Inspired by how his week tends go to: spiking between happy and panicked!
What is the overall tone of this text?
https://goo.gl/wrxGWq and enter some text
Under the hood, what’s going on?
Gather the data from Reddit via the PushShift API, transform and improving the data, and vectorizing. Reduced the feature set down to ~10k words. Didn’t use stemming or lemmatization. Removed some stop words but not all. Using n-grams, you can be more certain that removing stop words isn’t going to change the meaning of a phrase.
Training score ia ~89% or so.
What’s new with Metro Map Maker: January 2019
Metro Map Maker was inspired by art!
Metro Map Maker started great, and it’s been improved! Usage has increased! Hundreds of maps! Thousands of maps! But how can we track how many maps? ON PAPER??? That is not technology of the twenty-first century! Naturally, we must not lose the speed of the user experience! Previously, there were 14 steps to get a map into the gallery! Wow! So many steps! Very diligent! But so much work! THERE WERE REGULAR EXPRESSIONS!?!?!!? Ugh
NOW: Just four steps! Review, determine where, step three, step four! Done! Key to the process: How to automate the generation of the image? Have you seen the data-url for a 1600x1600 canvas? THAT IS BIG! BUT: What if we do a tiny little canvas secretly? In the background? Optimize those images! Down to just 2-5KB. AND YOU NEED THAT if you want it to be dope with 500 images in the gallery! HACK! To change the color depth of the HTML canvas! Thanks StackOverFlow!

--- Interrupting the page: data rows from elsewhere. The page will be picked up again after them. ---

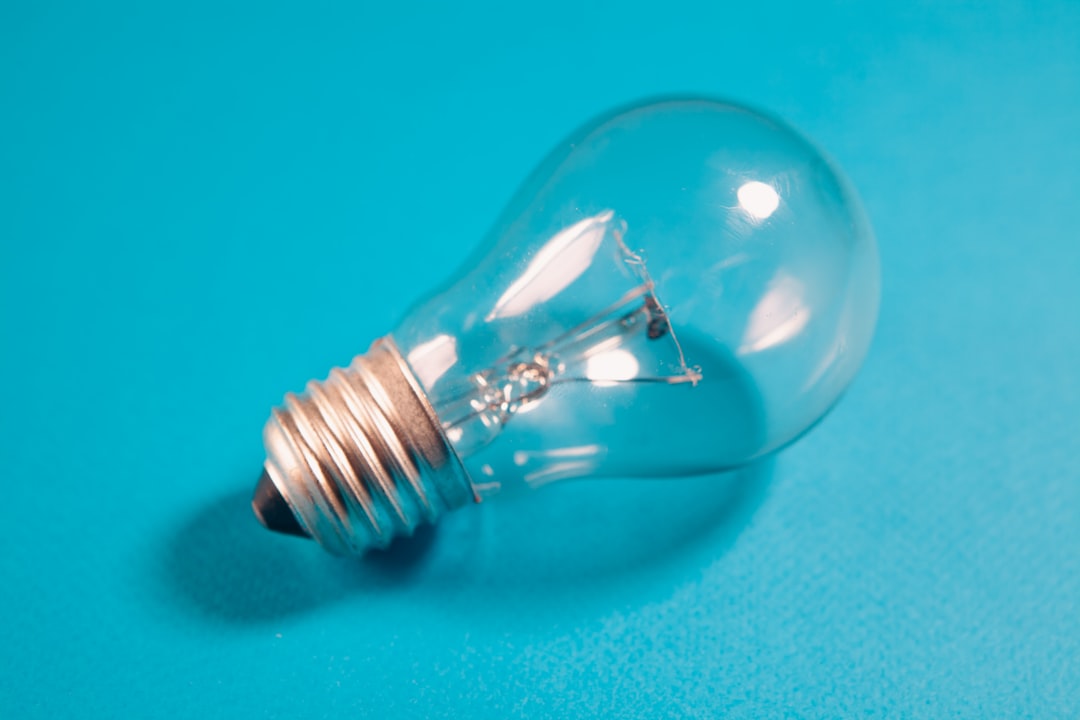 The Ultimate Guide to Smart Light Bulbs: Illuminate Your Home in 2026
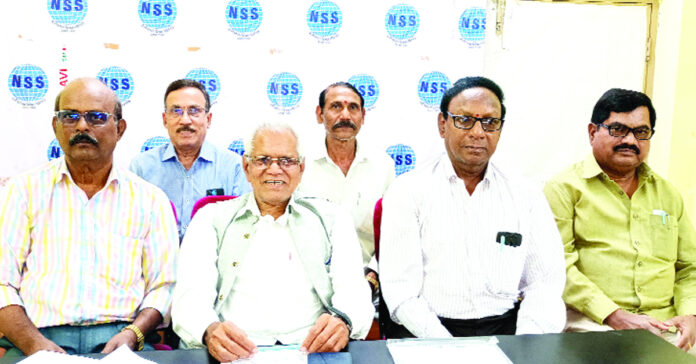 'The new pension system should be abolished'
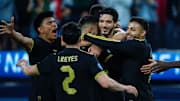 Panama v Mexico: Final - CONCACAF Nations League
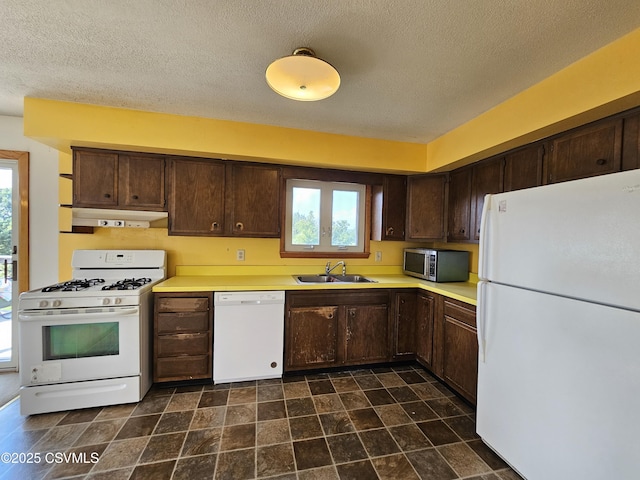 516 Washingtonville Rd, Danville, PA 17821 - photo 10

So, everyone should make lots of beautiful maps, with beautiful terrain!
Inspired by art. Metro map of your dreams! What if we actually invested in public transit?
stretchMap() on the console!
less cards is a new type of card that makes it simple to share contact details with others without ever having to worry about running out of business cards.
Created a “less card” that has a QR code with your details on it. (Also has an NFC chip). How can you give your contact information without actually losing the business card you have?
On Android: just bring the card within range of the phone and it’ll bring up the contact right in the phone. On iPhone, the camera app natively can scan a QR code and open it.
Synthetic Countenance, a personalized GAN
GANs == “generative adversarial network”
Two networks that try to fake each other out and continually get better.
Used “Progressive Growing of GANs” & the Celebrity training set.
Created a bunch of images of fake people that look very real trained on real celebrities!